▶ **Instructions for the task**:
From the line that contains "USED 2019 NORD" to the end of the entries, copy each line exactly, though the pictures stay out.

▶ **Dataset entries**:
Segment Open

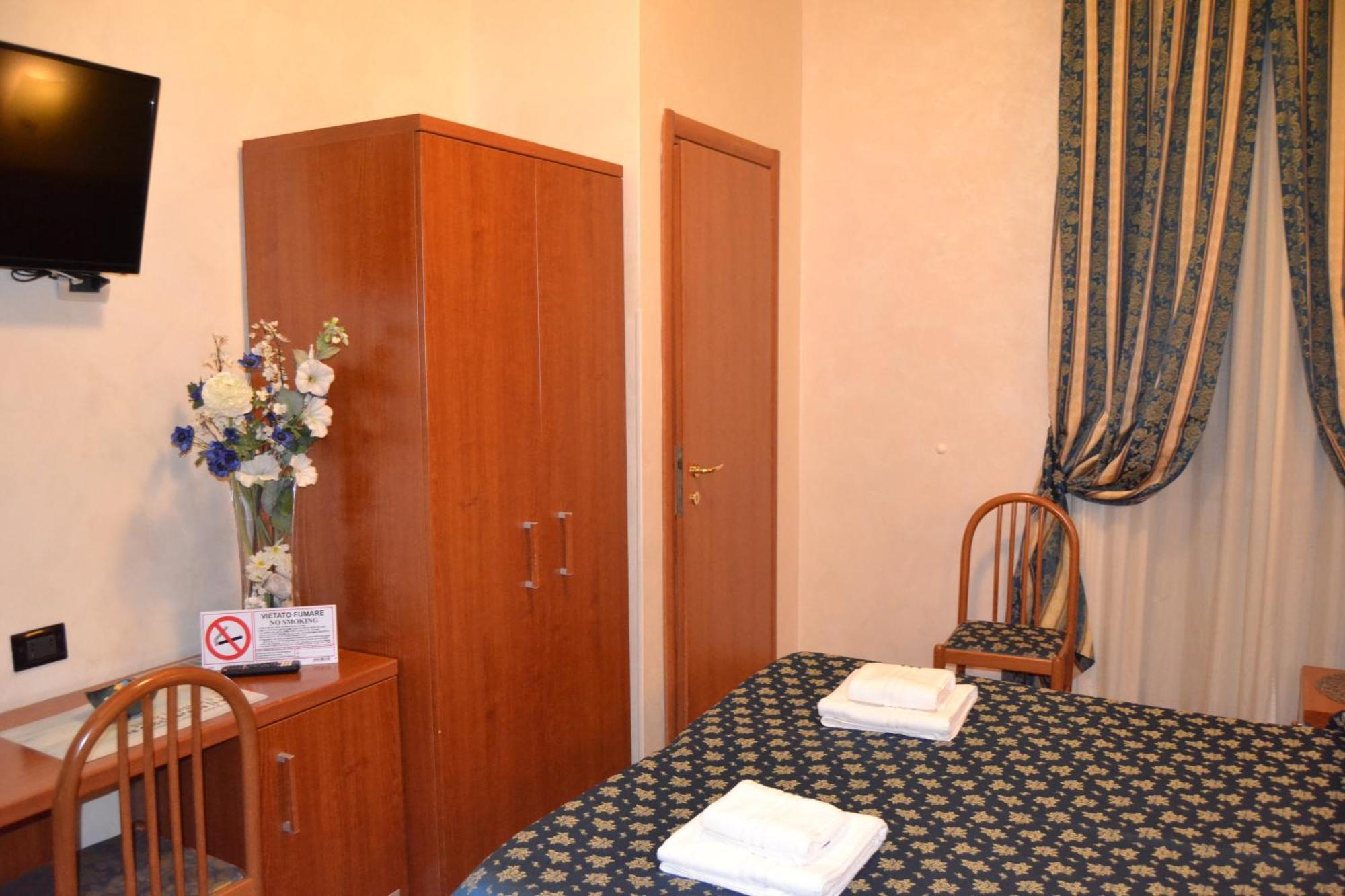 Bye Guest house Rome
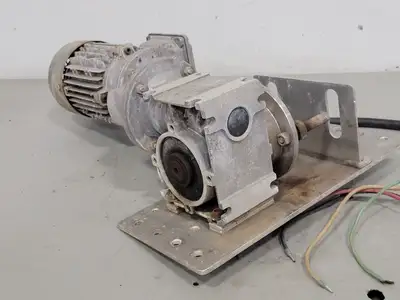 USED 2019 NORD SK 1SIS50/H10L-IEC63-63L/4CUSTF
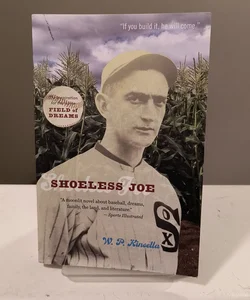 Shoeless Joe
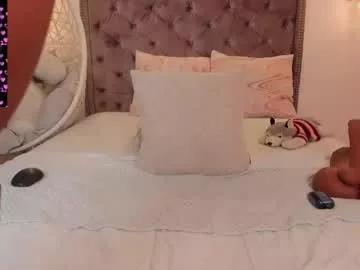cattaleya_get from Chaturbate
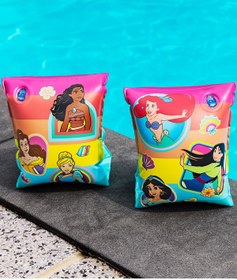 Resim Bestway 23X15 Princess Kolluk - Standart / Standart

Segment Closed

▶ **Answer to this problem**:
 USED 2019 NORD SK 1SIS50/H10L-IEC63-63L/4CUSTF
 Shoeless Joe
cattaleya_get from Chaturbate
 Resim Bestway 23X15 Princess Kolluk - Standart / Standart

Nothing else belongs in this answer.